Ribuan warga Israel berkumpul di Tel Aviv pada Sabtu (20 Januari) untuk memprotes pemerintahan Perdana Menteri Benjamin Netanyahu.

Liputan6.com, Tel Aviv - Ribuan warga Israel berkumpul di Tel Aviv pada Sabtu (20 Januari) untuk memprotes pemerintahan Perdana Menteri Benjamin Netanyahu.

Mereka menyebut pemimpin veteran tersebut salah menangani keamanan negara dan menyerukan pemilu untuk kembali digerlar, dikutip dari Channel News Asia, Minggu (21/1/2024).

Protes anti-pemerintah yang mengguncang negara itu hampir sepanjang tahun 2023 berhenti setelah serangan Hamas di Israel selatan pada 7 Oktober.

Perpecahan politik dikesampingkan ketika warga Israel mendukung militer dan keluarga mereka yang terbunuh atau disandera.

Namun dengan perang dahsyat di Gaza yang sudah memasuki bulan keempat dan jajak pendapat menunjukkan rendahnya dukungan terhadap Netanyahu, seruan untuk pergantian kepemimpinan semakin kuat, meski tidak ada indikasi bahwa posisinya berada dalam ancaman.

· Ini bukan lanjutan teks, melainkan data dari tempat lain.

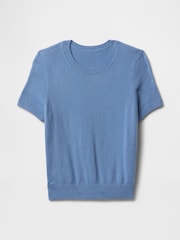 Gap Blue CashSoft Short Sleeve Crew Neck Knit Top - Image 4 of 5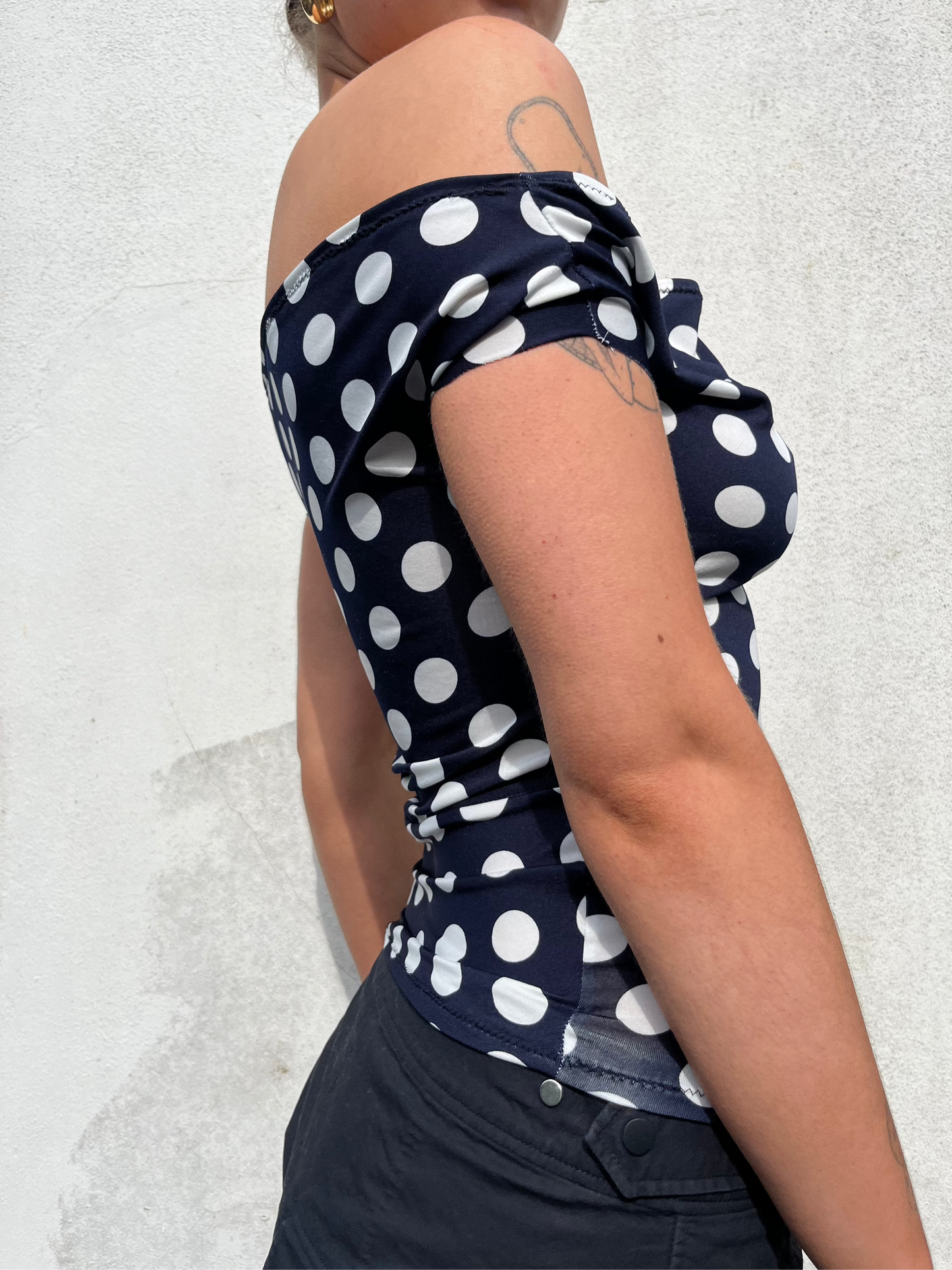 polka dot off the shoulder top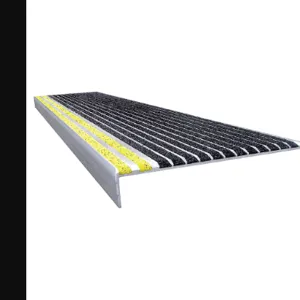 WOOSTER PRODUCTS 500BY3 Stair Tread Black With Safety Yellow Front Aluminium | AC3HZD 2TUZ9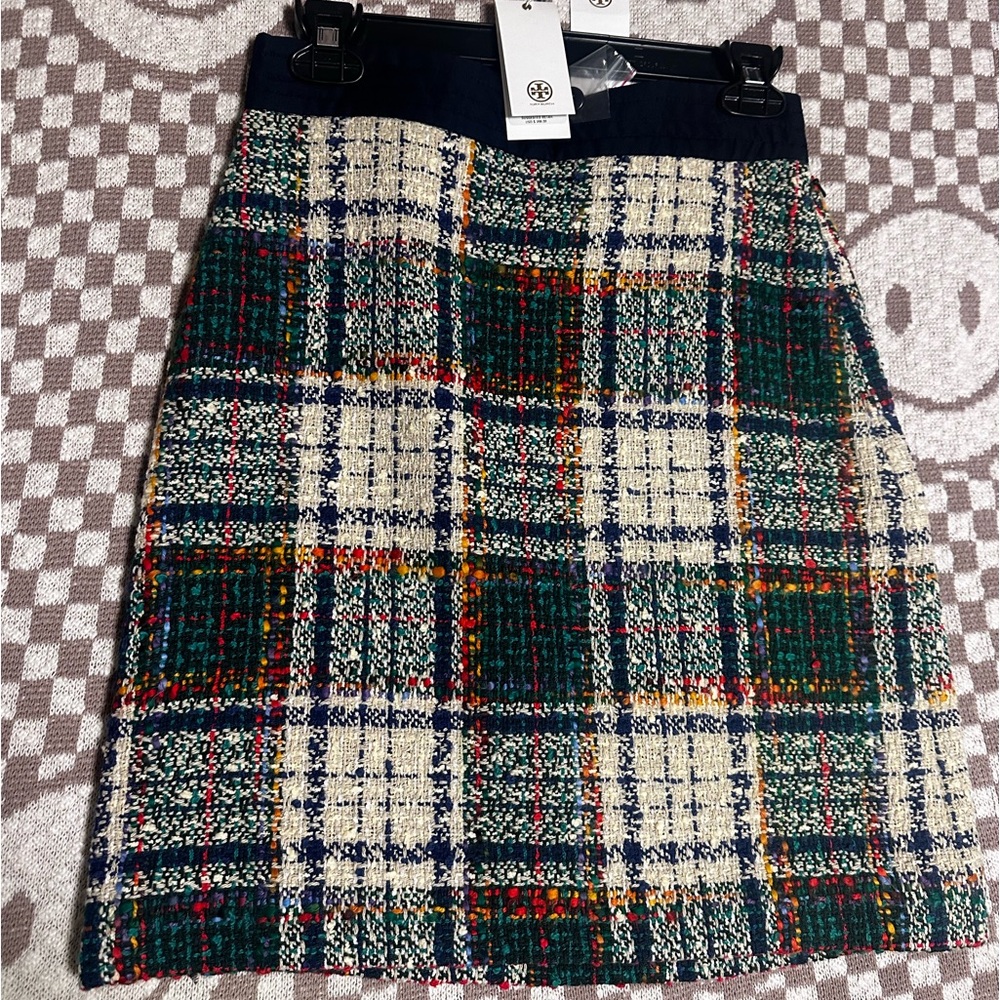NWT Tory Burch Nubby Tartan Tweed Skirt size 4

Hal ini tercermin dalam jumlah pemilih yang hadir pada Sabtu malam di alun-alun pusat Tel Aviv, tempat banyak protes tahun lalu terjadi.

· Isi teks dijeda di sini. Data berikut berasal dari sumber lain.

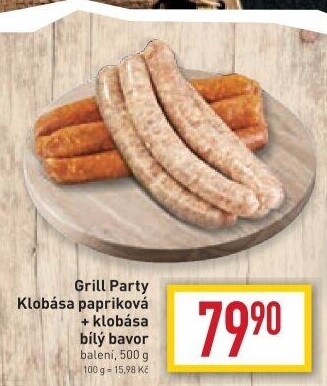 Klobása papriková a bílý bavor Grill Party
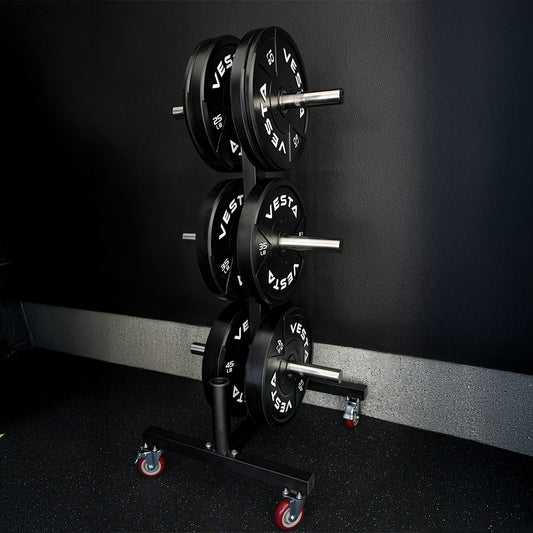 Vertical Weight Plate Tree With Two Barbell Holders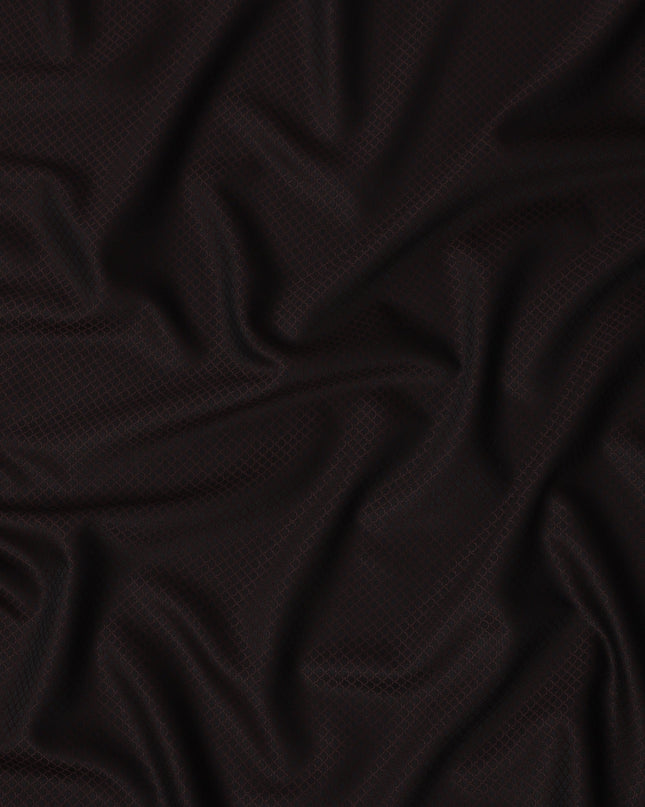 Black with Maroon Geometric Pattern Italian Wool Suiting Fabric, 150 Cms, Italy-D25129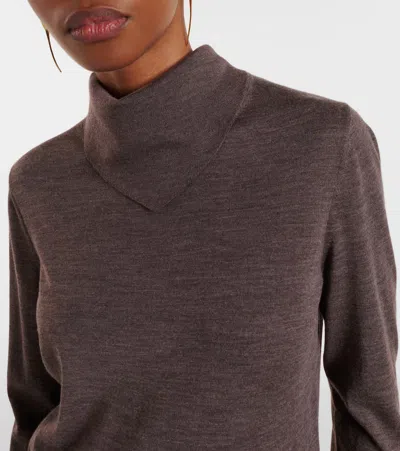 Ferragamo Wool Turtleneck Sweater In Brown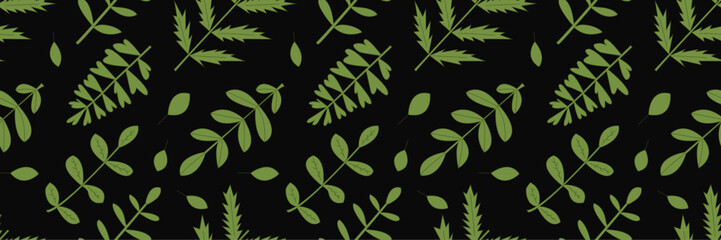 Green leaves seamless pattern. Green leaves on black illustration. Botanic background. Green branches pattern. Floral green and black background.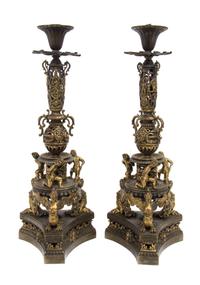 A Pair of Brass Pricket Sticks Height 18 inches. — LATE 19TH CENTURY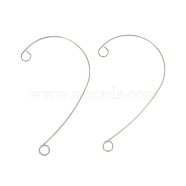 316 Stainless Steel Ear Cuff Findings, Climber Wrap Around Non Piercing Earring Findings with 2 Loop, Stainless Steel Color, 59x37x0.5mm, Hole: 4mm(STAS-H148-02P)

Walaupun jumlah massa lebih sedikit dibandingkan tahun lalu, jumlah tersebut masih beberapa ribu orang, banyak di antaranya yang menabuh genderang, meneriakkan kekecewaan, dan mengibarkan bendera Israel.

“Pemerintah yang meninggalkan kami pada 7 Oktober terus meninggalkan kami setiap hari. Para keluarga korban, tentara cadangan, para sandera jadi korbannya,” kata Noam Alon, yang saudara laki-lakinya adalah seorang tentara dan terbunuh saat konflik dengan kelompok bersenjata Hamas.

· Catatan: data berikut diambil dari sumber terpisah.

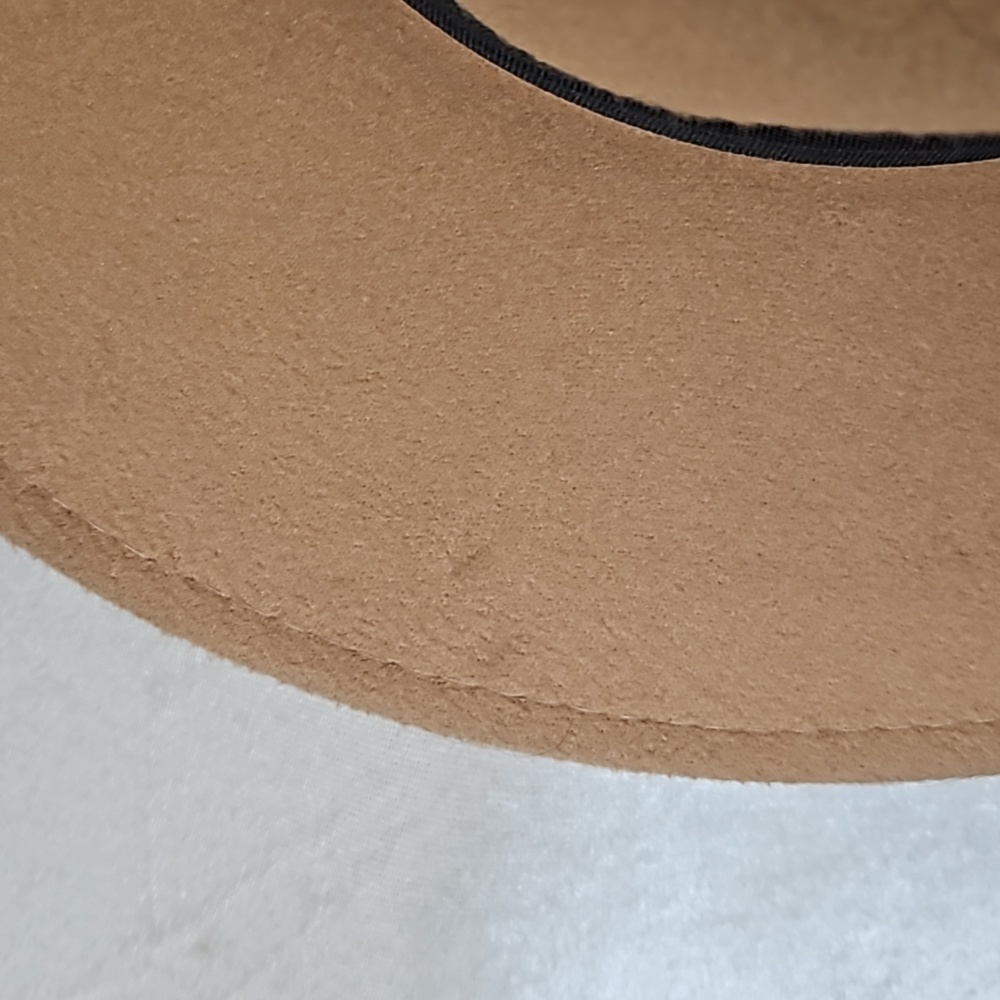 Felt Hat Wide Brim by CoG Tan with Black Ribbon VGUC - Picture 6 of 12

“Kekuasaan ada di tangan kita untuk berubah dan diperbaiki,” ujarnya.

"Pemerintah ini harus bubar. Sekarang!"

Meskipun perpecahan muncul di antara anggota kabinetnya pada masa perang, Netanyahu bertekad untuk tetap berkuasa.

Para pemimpin oposisi telah menawarkan untuk membentuk pemerintahan persatuan yang tidak dipimpin oleh Netanyahu, namun tidak ada langkah yang mendapat dukungan.

2 dari 4 halaman

Netanyahu Tersudutkan dan Mengalahkan Hamas Dinilai Tidak Realistis

Perpecahan dalam pemerintahan Israel semakin mendalam setelah menteri kabinet perang Gadi Eisenkot menyatakan tujuan utama perang untuk mengalahkan Hamas tidak realistis. Tidak hanya itu, Eisenkot menyerukan digelarnya pemilu dalam beberapa bulan mendatang.

Eisenkot berbicara tidak lama setelah Perdana Menteri Israel Benjamin Netanyahu kembali mengatakan operasi militer Israel di Jalur Gaza akan terus berlanjut sampai mencapai kemenangan penuh atas Hamas. Pernyataannya juga muncul setelah Israel menarik sebagian pasukannya dari Jalur Gaza Utara dan mengisyaratkan fase baru konflik akan segera dimulai.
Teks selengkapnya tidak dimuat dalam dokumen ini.